▶ **EXERCISE OBJECTIVE**
As the answer, give every line of the records that includes the word "gold".

▶ **Saved entries**
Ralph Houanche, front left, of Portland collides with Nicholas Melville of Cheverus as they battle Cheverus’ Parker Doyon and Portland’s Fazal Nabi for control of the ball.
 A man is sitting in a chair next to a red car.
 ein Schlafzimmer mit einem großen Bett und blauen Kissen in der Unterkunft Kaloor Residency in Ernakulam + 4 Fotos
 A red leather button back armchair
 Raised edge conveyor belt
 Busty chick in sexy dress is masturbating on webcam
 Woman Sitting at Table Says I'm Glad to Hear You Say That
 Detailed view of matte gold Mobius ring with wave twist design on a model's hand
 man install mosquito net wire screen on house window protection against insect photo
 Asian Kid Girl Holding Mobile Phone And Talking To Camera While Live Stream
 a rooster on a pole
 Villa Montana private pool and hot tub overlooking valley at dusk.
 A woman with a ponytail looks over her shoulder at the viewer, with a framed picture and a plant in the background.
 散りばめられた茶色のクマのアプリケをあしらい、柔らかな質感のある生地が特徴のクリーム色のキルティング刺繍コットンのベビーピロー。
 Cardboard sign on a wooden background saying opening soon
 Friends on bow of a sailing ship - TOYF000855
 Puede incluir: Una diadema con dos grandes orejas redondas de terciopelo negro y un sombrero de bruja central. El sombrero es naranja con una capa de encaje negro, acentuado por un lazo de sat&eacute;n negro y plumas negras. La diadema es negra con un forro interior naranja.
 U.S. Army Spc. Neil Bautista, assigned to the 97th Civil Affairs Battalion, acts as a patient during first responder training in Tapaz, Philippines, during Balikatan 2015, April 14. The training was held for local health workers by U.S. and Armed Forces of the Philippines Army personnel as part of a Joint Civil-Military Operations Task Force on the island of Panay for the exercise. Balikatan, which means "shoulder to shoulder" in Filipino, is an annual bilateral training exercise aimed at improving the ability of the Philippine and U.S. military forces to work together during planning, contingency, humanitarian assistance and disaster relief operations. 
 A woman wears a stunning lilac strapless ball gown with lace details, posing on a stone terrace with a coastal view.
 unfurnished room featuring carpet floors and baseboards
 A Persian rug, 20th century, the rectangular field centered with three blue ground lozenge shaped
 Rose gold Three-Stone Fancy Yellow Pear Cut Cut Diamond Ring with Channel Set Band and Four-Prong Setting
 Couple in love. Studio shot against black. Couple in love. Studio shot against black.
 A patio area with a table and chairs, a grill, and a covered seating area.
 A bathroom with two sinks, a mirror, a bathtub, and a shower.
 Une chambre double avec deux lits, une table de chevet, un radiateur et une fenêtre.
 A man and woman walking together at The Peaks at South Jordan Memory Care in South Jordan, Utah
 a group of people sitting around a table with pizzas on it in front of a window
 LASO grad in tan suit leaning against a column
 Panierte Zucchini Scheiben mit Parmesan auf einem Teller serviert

▶ **EXERCISE OUTPUT**
 Detailed view of matte gold Mobius ring with wave twist design on a model's hand
 Rose gold Three-Stone Fancy Yellow Pear Cut Cut Diamond Ring with Channel Set Band and Four-Prong Setting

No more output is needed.